En el año 2000, cuando el Congreso aprobó la Ley de Protección al Trabajador, el presidente Miguel Ángel Rodríguez argumentó la necesidad de estimular el ahorro para compensar, en el futuro, la pérdida de valor de los beneficios otorgados por los regímenes existentes. Fue visionario, pero no podía serlo tanto como para prever que en los siguientes 13 años nadie haría lo indispensable para apuntalar el IVM.

Por eso, la importancia de los fondos creados en el 2000 es mayor de la prevista. Su cuantía también constituye una tentación para políticos de todo cuño. La actual Administración ha hecho hasta lo imposible para aplicarles el 15% de impuesto sobre la renta, sin importar las pasadas y solemnes promesas de exención. Ahora se insiste en la posibilidad de invertirlos en desarrollo de infraestructura.

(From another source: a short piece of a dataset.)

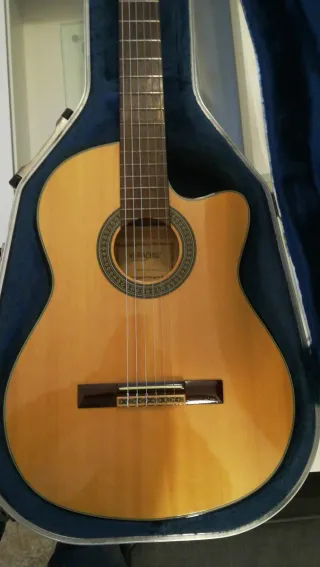 Guitarra Veracruz con funda rígida
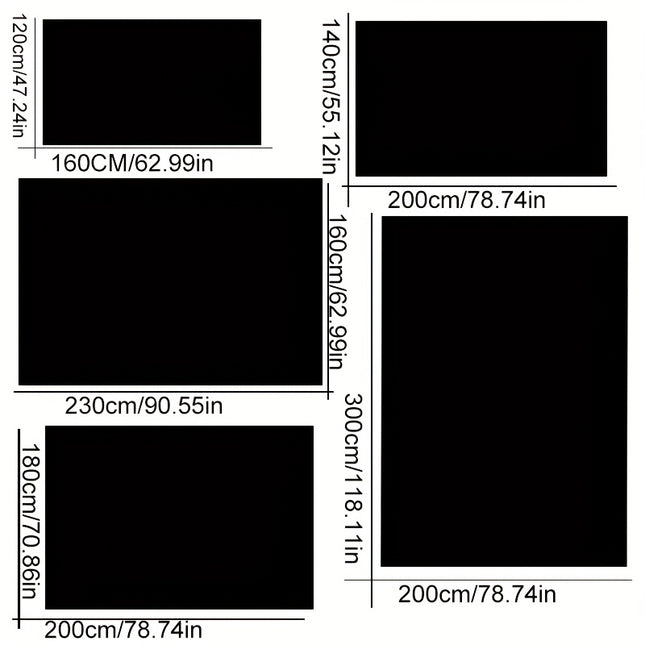 1pc Plush Area Mat - Ultra Soft Non-Slip Mat in Blue/Gray/White/Black/, Machine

La propuesta es sencilla y los riesgos, enormes. El Estado emplearía los fondos para construir obras y cobraría a los usuarios las tarifas o peajes necesarios para recuperar el capital y sus intereses. Tratándose de un fondo de pensiones, los intereses o rendimientos son vitales. Ningún sistema de jubilaciones puede sostenerse a punta de cotizaciones sin convertirse, con mucha rapidez, en un régimen de reparto condenado a la extinción. El desfinanciamiento sería mucho más acelerado en una sociedad como la nuestra, donde casi la tercera parte de la población será mayor de 60 años en menos de cuatro décadas.

Pero si los fondos se invierten en infraestructura, la vital materia del rendimiento dependerá de las decisiones de la Administración Pública, es decir, de la conveniencia política de ajustar tarifas y peajes. Un cierre de carreteras o una manifestación de las “fuerzas vivas” de quién sabe dónde podrían resultar decisivos para determinar y, probablemente, deprimir los rendimientos.

La masa amorfa de pensionados y ahorrantes difícilmente pesará tanto como los grupos organizados para impedir un alza o exigir una reducción de tarifas, sin importar los requerimientos financieros del fondo de pensiones. Si alguien duda de que semejante irresponsabilidad sea posible, acaba de llegar de otro planeta o ignora que nadie se ha atrevido a hacer los ajustes necesarios, aunque políticamente sensibles, para prolongar la salud del IVM.